### What the exercise asks:
Skip every picture, then write out exactly the lines of the listing below from the line that contains "Phòng Kỹ thuật" through the final line.

### The data:
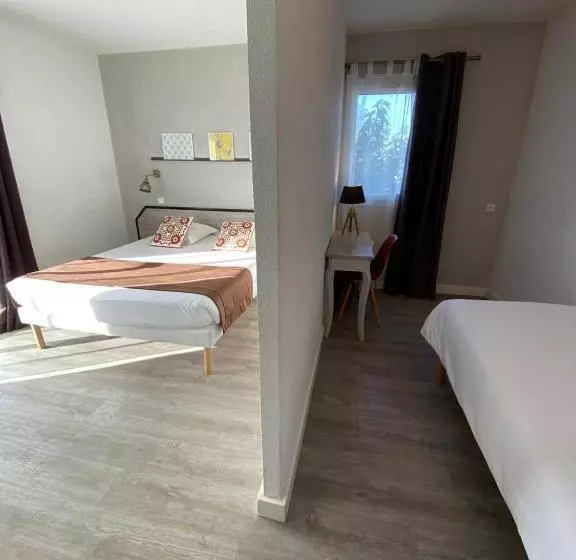 Standard Triple Room with Terrace, Amadour Hôtel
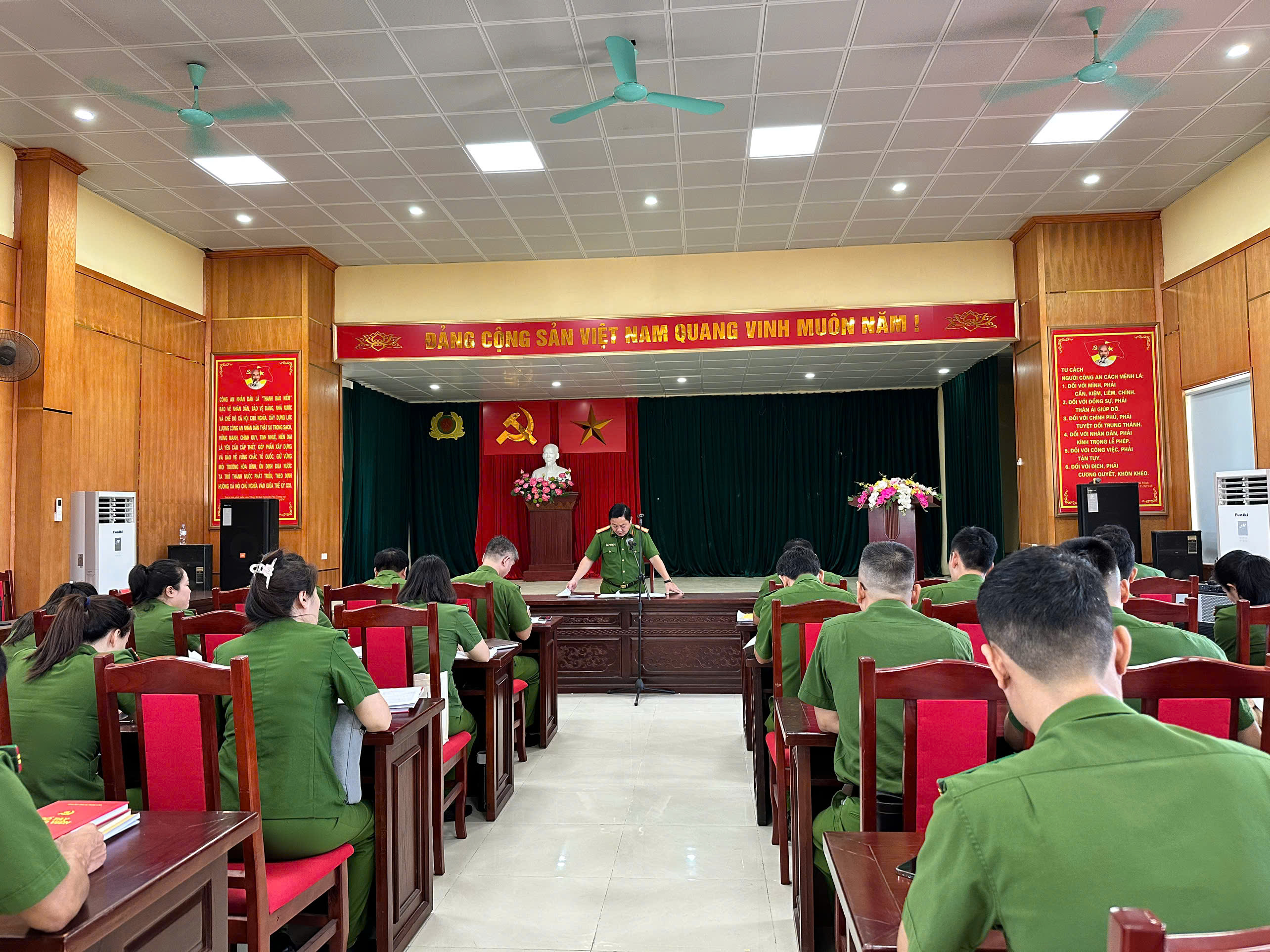 Phòng Kỹ thuật hình sự - Công an tỉnh Hưng Yên tổ chức Hội nghị sơ kết công tác Kỹ thuật hình sự 9 tháng năm 2026, triển khai các nhiệm vụ công tác trọng tâm Quý IV/2026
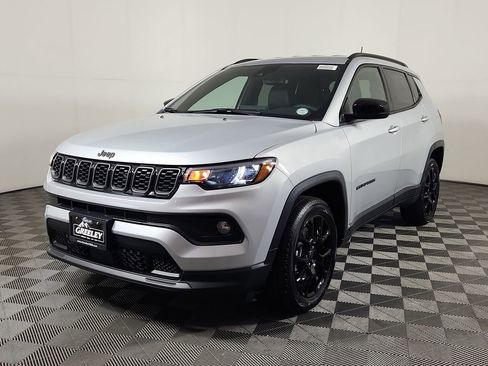 New 2025 Jeep Compass Latitude w/ Altitude Special Edition image 4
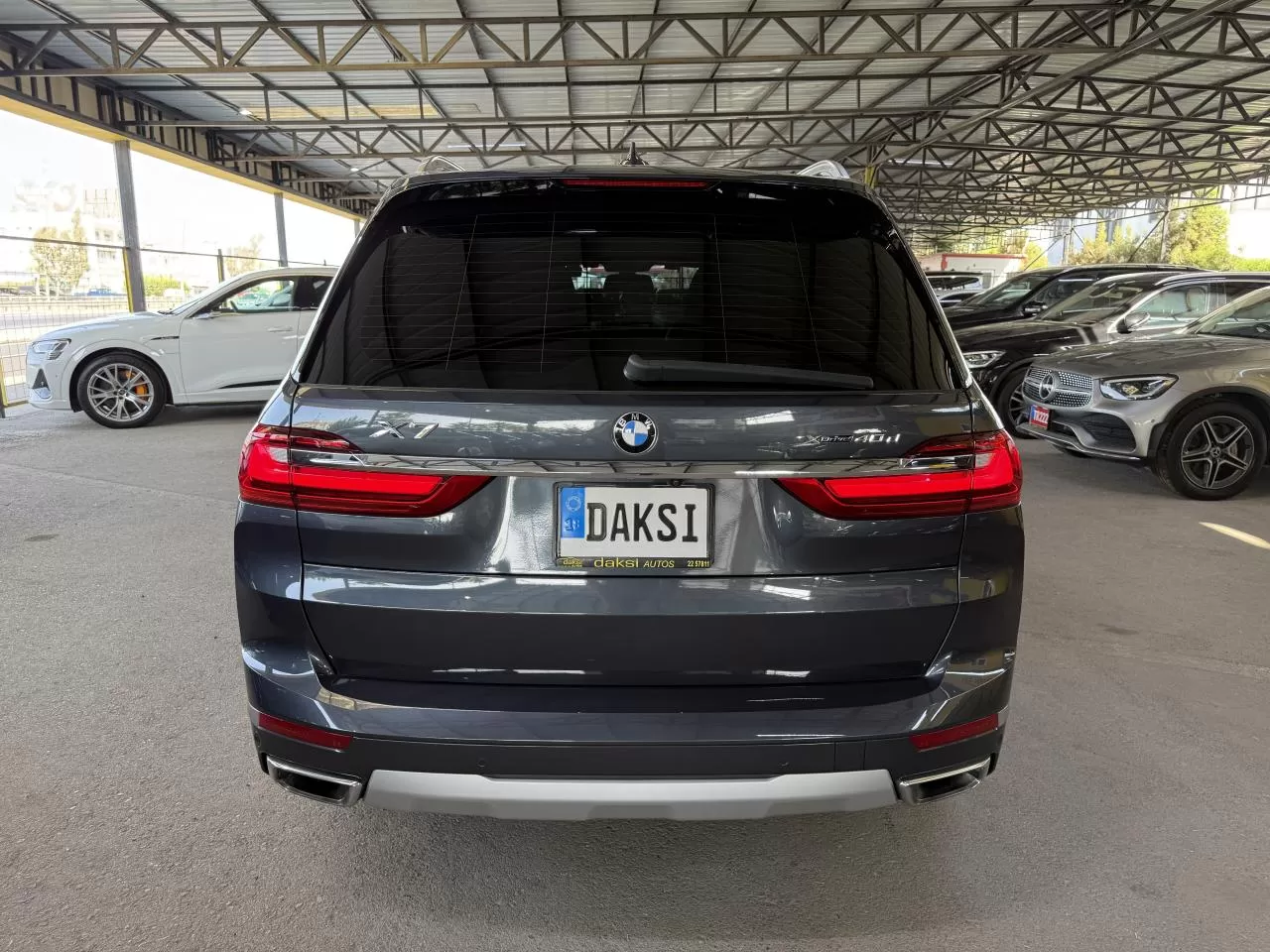 2021 Model Otomatik BMW X7 5. Görseli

### Exercise response:
 Phòng Kỹ thuật hình sự - Công an tỉnh Hưng Yên tổ chức Hội nghị sơ kết công tác Kỹ thuật hình sự 9 tháng năm 2026, triển khai các nhiệm vụ công tác trọng tâm Quý IV/2026
 New 2025 Jeep Compass Latitude w/ Altitude Special Edition image 4
 2021 Model Otomatik BMW X7 5. Görseli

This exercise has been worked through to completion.